Bundan kısa bir süre önce başlayan ve Çin ile Japonya arasında aslında basit bir balıkçı kavgası gibi duran süreç, Japonya’nın elde edemediği NTE sonucunda otomotiv sektöründe bir anda yediği darbe ile fark edilmiş. Çin bu elementleri vermeyince dünya bunun farkına varmış. Şimdi tüm dünyanın en büyük üreticisi Çin ve arkasından Brezilya geliyor.
Çok mu zor bunu üretmek? Evet. Kimyasal süreçler gerekiyor ve korkunç bir çevre kirliliği oluşturuyor. Aslında ülkemiz maden olarak zengin ancak çıkarma teknolojimiz yok. Bundan sonra nasıl kurulacak, şimdi büyükler bunu tartışıyor. Bu elementler saf halde maden olarak yok doğada. Ya başka bir madenin içinde çıkıyor ya da kendileri birlikte çıkıyor. Bunları ayrıştırıp saflaştırmak ise çok zor bir teknoloji.
Rüzgâr santralleri yapıyoruz, otomotiv sanayine yatırım yapıyoruz. Mıknatıs olmadan elektrik motoru olmaz, lityum olmadan pil olmaz gibi birçok süreç var. Mesela optik camlar buna mahkûm gibi.

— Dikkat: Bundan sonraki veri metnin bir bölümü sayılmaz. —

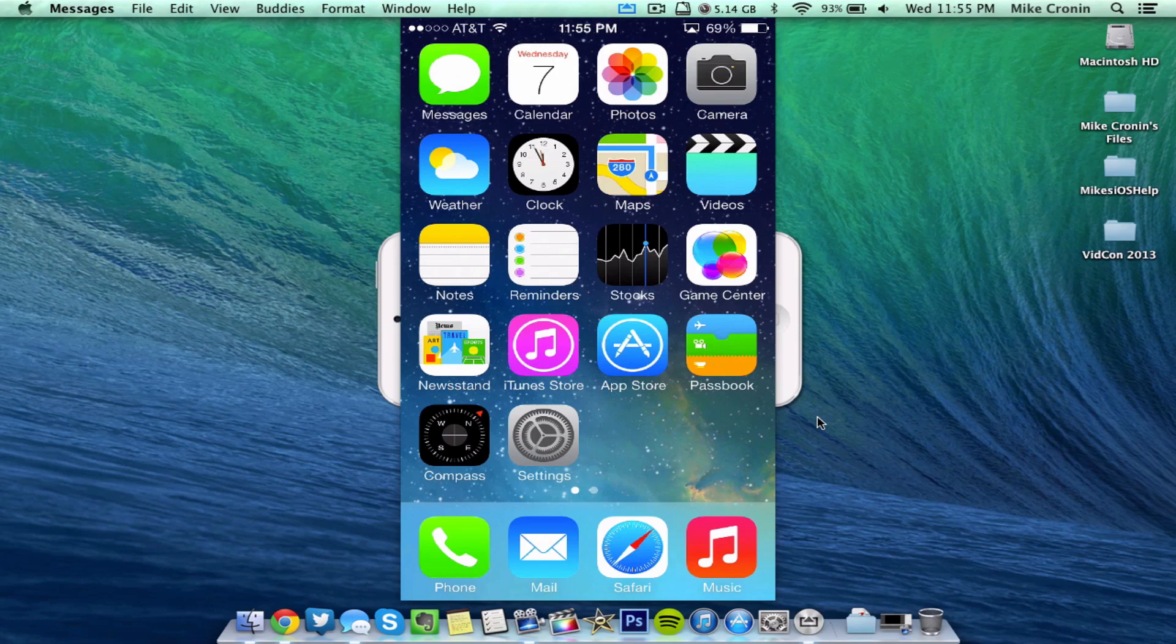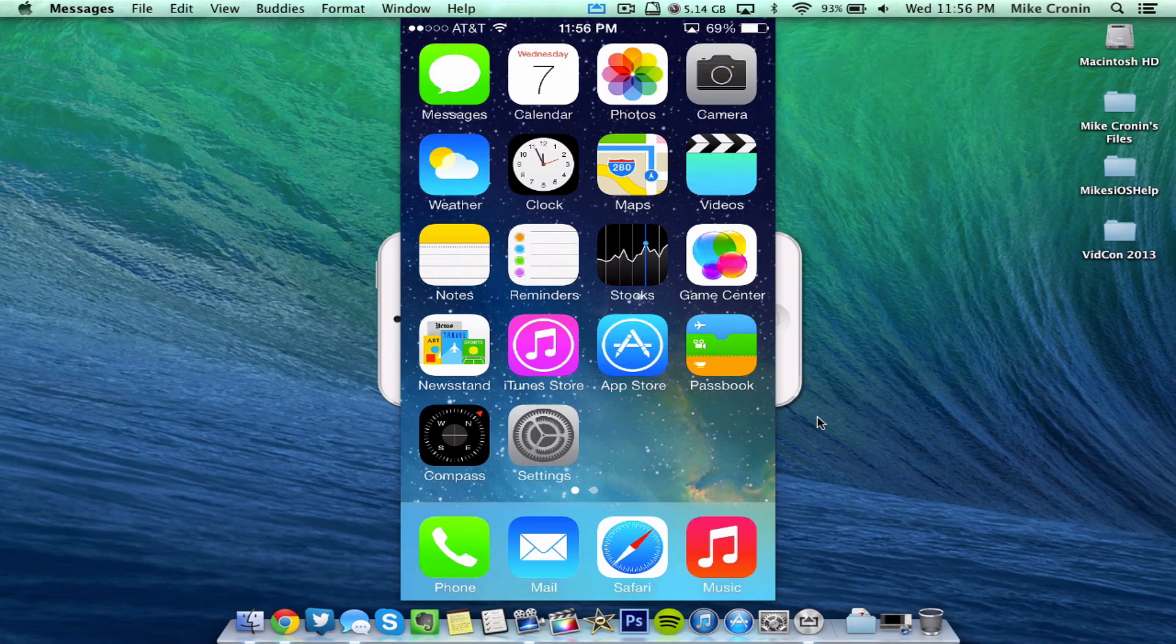So that's pretty much it, guys. That is iOS 7 beta 5 for you. Everything that you need, how to get it, links to download it, everything's going to be in the description. So go check it out. If you'd like, definitely worth a download. This is, like I said, what I feel is one of the most stable updates to the iOS 7 betas yet. So definitely check it out.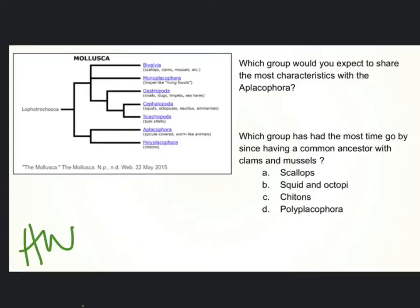So these were the two slides that were homework. Which group would you expect to share the most characteristics with A. Placophora? Remember that the more closely related two groups are, the more shared derived characteristics we're going to expect to see. So first we've got to find A. Placophora.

Şimdi önümüzde bu konu var. Bunu da takip ederek elimizden gelen çalışmayı ülkemiz için yapacağız ve hizmete sunacağız. Ama biliyoruz ki işimiz zor. GALSİAD olarak daha önce alüminyum dışında farklı noktalarda üretim tekniklerinde bulunduk ve bilgimiz düzeyinde bir şeyler yapmaya çalıştık. Eklemeli imalattan alaşımlı alüminyumlara birçok noktada olduk, şimdi süreç bizi farklı noktalara getirdi. 2050 “lityum” içerikli bir seri ve havacılık için olmazsa olmaz ancak ülkemizde üretimi maalesef yok.

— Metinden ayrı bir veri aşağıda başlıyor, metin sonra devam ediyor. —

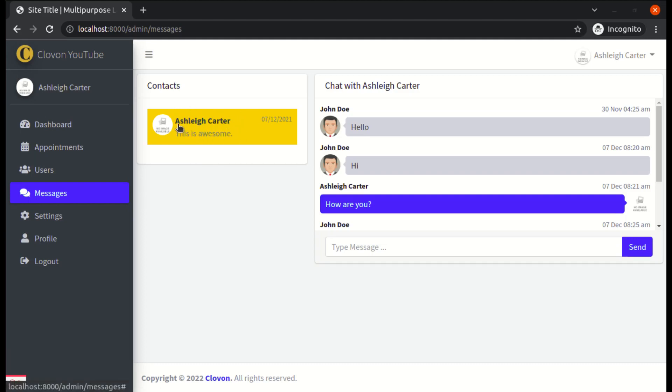Over here, instead of displaying John Dewey, it is displaying the same authenticated user name as well. So in this video, I will show you how we can fix this.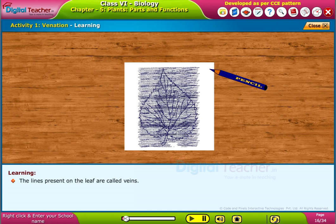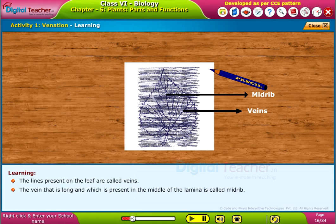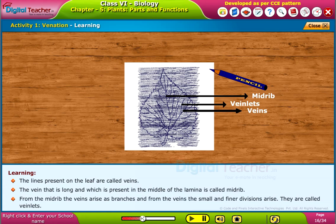The lines present on the leaf are called veins. The vein that is long and present in the middle of the lamina is called the midrib. From the midrib, the veins arise as branches, and from the veins the small and finer divisions arise. They are called veinlets.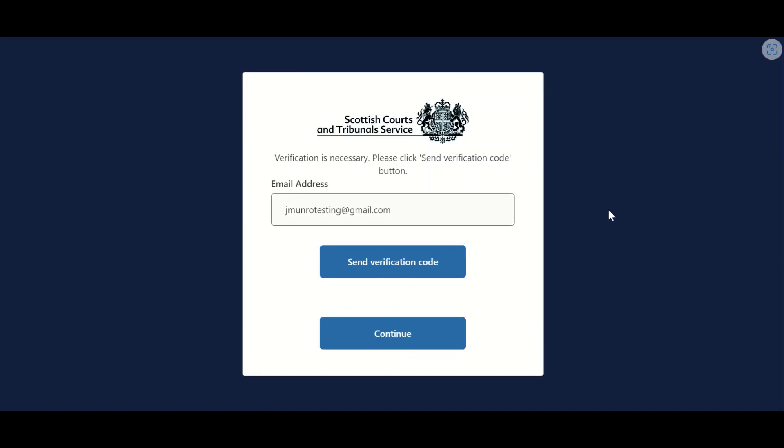Users are now asked to verify the email address entered and should double check it. If any amendments are required, users should navigate back using their browser back button and make any amendments as necessary. If correct, users should then select Send Verification Code.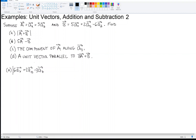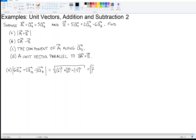If I want the magnitude of that, I need to use the Pythagorean theorem. I'm going to take six squared plus two squared plus minus three squared, and take the square root. Six squared gives me 36, plus four is 40, plus nine gives me 49. The square root of 49 is seven. So that's the answer to part A.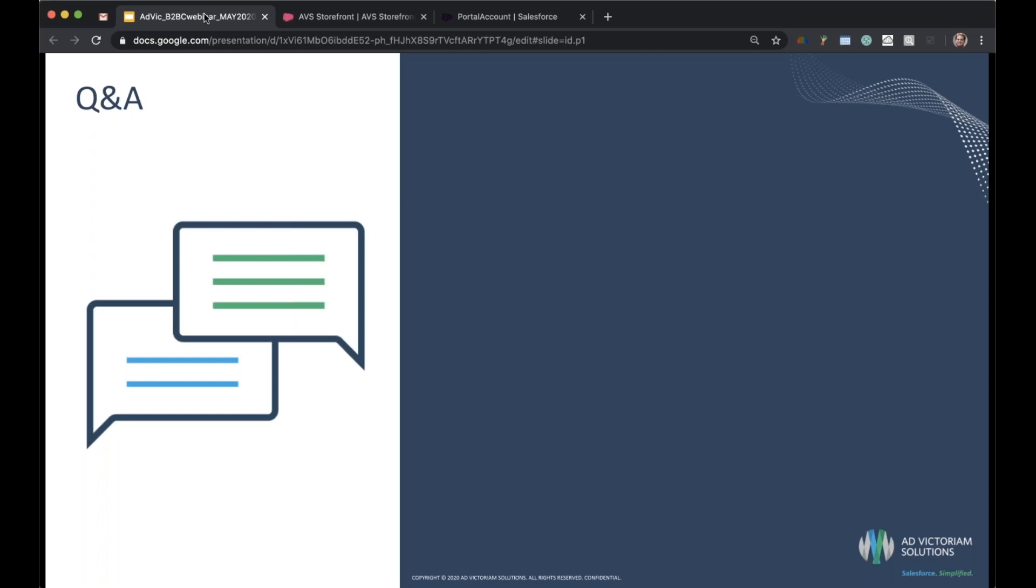On behalf of AdVictorium Solutions and our presenter, thank you and have a wonderful day.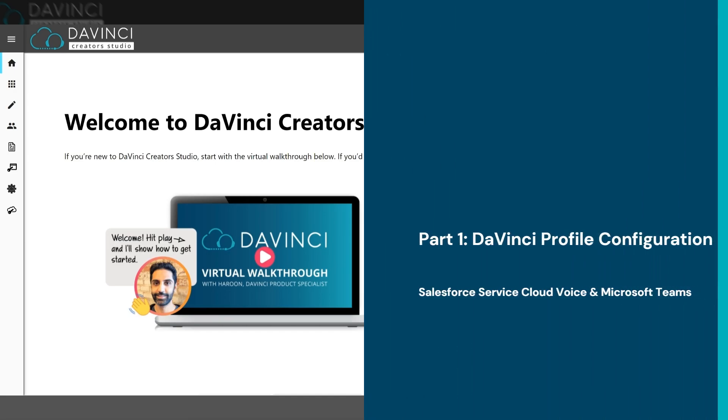Hello everyone, this is going to be an overview on Creator Studio, the cloud administration tool for the DaVinci platform.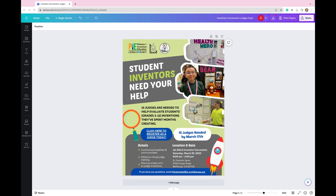Today's tech tip is a real game changer. I'm going to show you how you can instantly translate any flyer, PDF, or design that you create inside of Canva with their AI tool called Magic Switch. And just a quick tip: if you are an educator, you can get a free account inside of Canva. So let's check out this tool.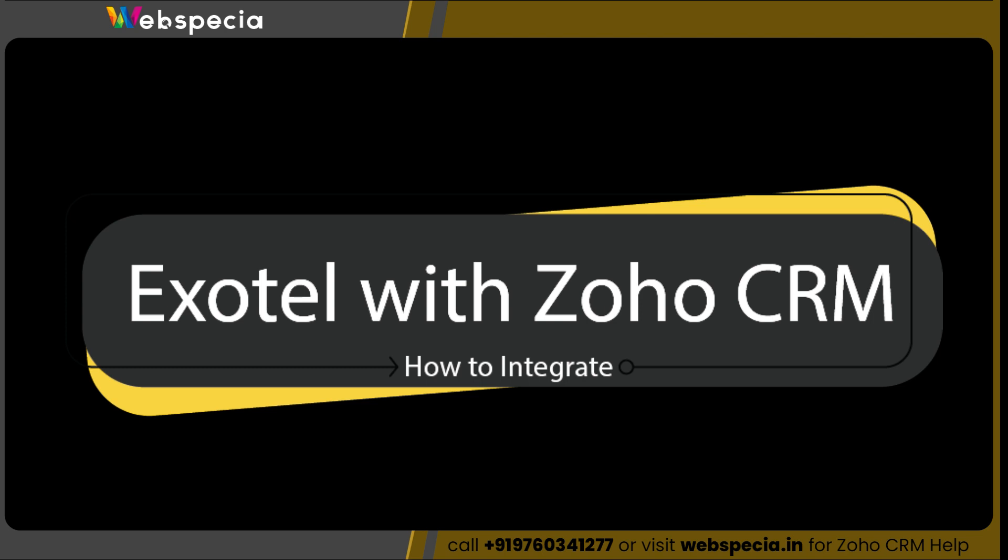Hello friends, in this video we will learn how to integrate Exotel with Zoho CRM. We will be doing this in three steps.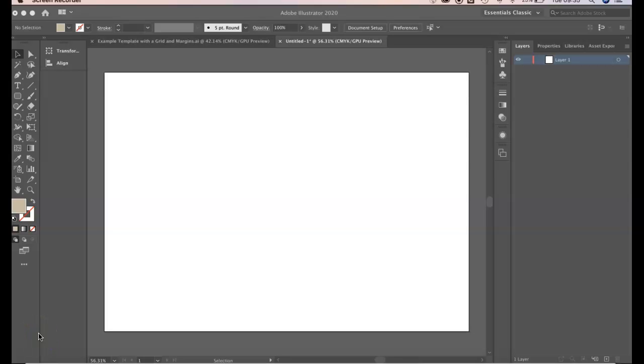Hello students, welcome to this very short tutorial showing you how to add margins to your workspace.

Yıllardır sıcak hadde dedik, şimdilerde hem devlet hem de özel sektör çabaları ile bir yerlere gelindi. Ancak bu yeni trend malzemeler için daha alacak yolumuz var. Konunun önemine dayanarak başka bir süreç anlatmayacağım bu yazıda. Detay bilgileri yine sizler ile paylaşacağım öğrendikçe.
Bu yazımızdan hemen önce sektörümüz adına çeşitli konuları, Ticaret Bakanımız Sayın Prof. Dr. BOLAT’ın talimatları ile Bakan Yardımcımız Sayın Mahmut GÜRCAN ile uzun uzun ve detaylıca görüştük. Bu görüşmeyi ve Bakanlığımız ile geldiğimiz süreci de sizler ile ayrıca paylaşacağım.